Q: Can I videotape the Aurora
A: Videotaping the aurora generally takes highly specialized video equipment. Generally – camcorders are not sensitive enough to see the aurora, though a few will record a faint, smoky image given a sufficiently bright aurora. Your best bet for video showing the color and motion of the aurora is to purchase a professionally – recorded tape such as one distributed form the Geophysical Institute in Fairbanks. Thus, some home video cameras are capable of picking up bright auroras. In particular, a camera rated at for example: less than one-lux sensitivity has captured – faintly and colorlessly a bright auroral arc. Many cameras which have special features such as digital zoom and / or vibration compensation are much less sensitive and will not show the aurora. The most annoying problem with home video cameras in low-light situations is their inability to focus. If your camera has a focus-lock button, you may be able to focus on a distant, brightly-lit object, and lock the focus then see if you can pick up the moon or perhaps catch a hint of an extremely bright aurora. Just don’t expect much, because home video cameras aren’t designed to do low-light recording.

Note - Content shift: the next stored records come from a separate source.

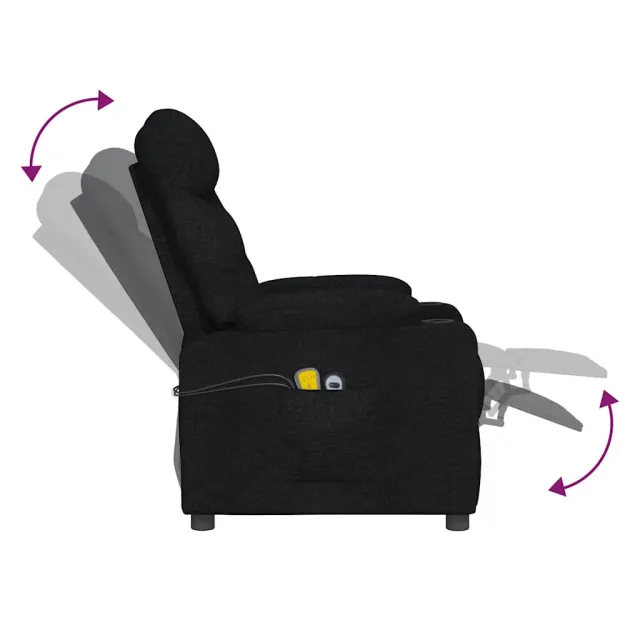 Fauteuil de massage Noir Tissu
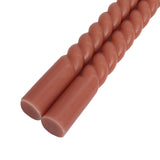 12 Pack | 11inch Dusty Rose Premium Unscented Spiral Wax Taper Candles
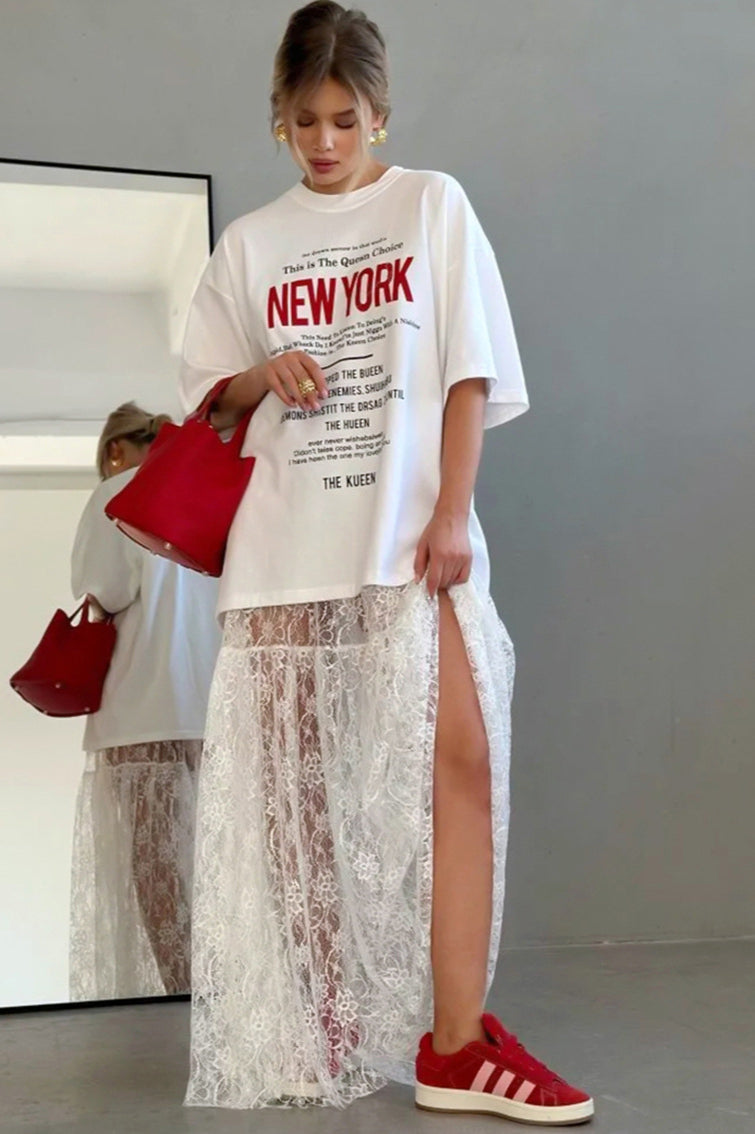 Lace Sheer High-waist A-line Skirt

Q: Do you have any Aurora Photography Tips
A: When you do your research for shooting the aurora, you’ll find pluses and minuses for going when a full moon is present.  On the minus side is if the lights that night are somewhat faint, the brightness of the moon’s reflection of the sun can fade them out.  On the other hand, a full moon can be used to illuminate objects in the foreground.  Many aurora shots include buildings with lights on inside to provide an interesting foreground subject.  Depending on your shooting location, this feature might not be available.  However, a full moon will help light up anything you have in front of you, no matter where you are.  Because shots are done for at least six to eight seconds and up to fifteen seconds or more (depending on your shutter and ISO settings), the full moon will do a great job of making what would otherwise be a silhouette into a well-lit subject.  Conversely, if you choose to go when there isn’t a full moon, a strong flash can be helpful in popping light onto a foreground subject.

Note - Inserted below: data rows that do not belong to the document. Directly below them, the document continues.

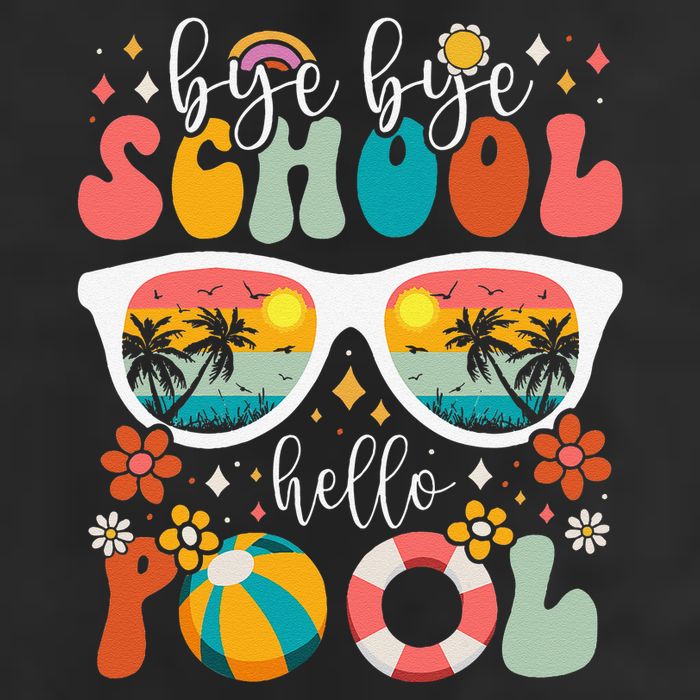 Groovy Bye Bye School Hello Pool Last Day Of School Summer Adult Drive Performance Visor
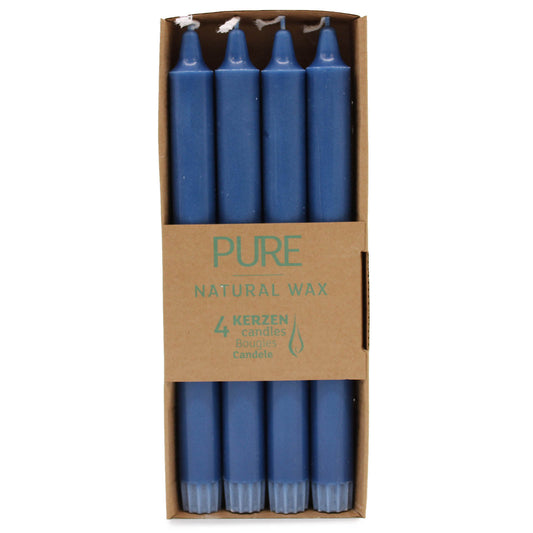 4 Pack Pure Natural Wax Dinner Candle 25x2.3 - Blue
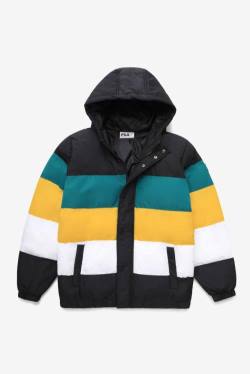 Black / Blue / Gold Men's Fila Giovanni Puffa Jackets | Fila365CQ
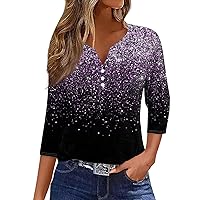 COTECRAM 3/4 Length Sleeve Womens Tops 2024 Casual Loose Fit Button V Neck T Shirts Cute Three Quarter Length Tunic Tops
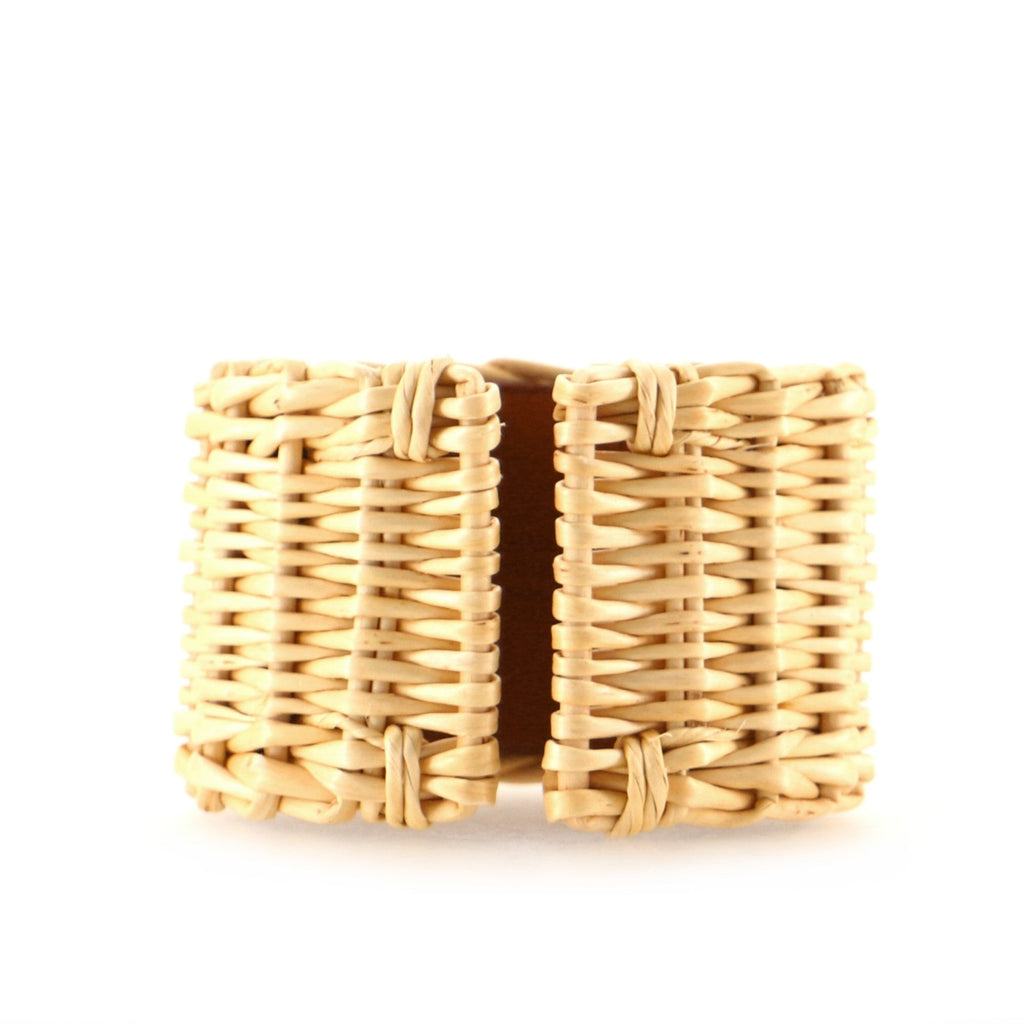 Medor Picnic Cuff Bracelet Wicker and Leather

▶ More about Northern Lights Tour Packages

Q: Flights to Alaska
A: Alaska -, Continental -, United -, Delta Airlines and US Airways are providing multiple flight connections daily to Anchorage and Fairbanks from the lower 48's. For current rates please refer to: >> Alaska Airlines or other airlines and any ticket reservation systems of your choice. Sorry, but we do not provide a reservation service for airlines tickets. Accordingly our advertised tour rates do not include any flights to/from Alaska.

Q: Recommended Clothing
A: We recommend fleece or heavy wool sweaters, down jackets or similar cold weather gear with attached hood, gloves, sun glasses, swimsuit, wool shirts, cotton or thermal underwear, mittens, sturdy winter boots, lip balsam, moisturizing cream. Winter gear and clothing may be rented at your local outdoor stores or at REI - Recreational Equipment INC - in Anchorage (please contact the stores directly) 

Q: Meals
A: Meals are not included in our tours (except as otherwise stated within each "Tour Included" section) The cities of Fairbanks and Anchorage are providing a large number of restaurants in all categories. Our lodges and resorts are providing a dining room or a full service restaurant with a extended food and drink selection.

Q: Sightseeing Tours
A: Sightseeing tours are not included in our tour packages (except as otherwise stated within each "Tour Included" section) Thus, we do offer a variety of optional tours. Please contact us or simply check our websites.

Q: How far in advance should I make a Reservation
A: This is hard to predict but if you travel during: (1) New Moon Dates (2) Public Holidays (3) Long Weekends (4) Alaska Events etc. tours are most likely sold out and it will be virtually impossible to materialize a last minute request. Accordingly it is highly advisable to book as early as possible.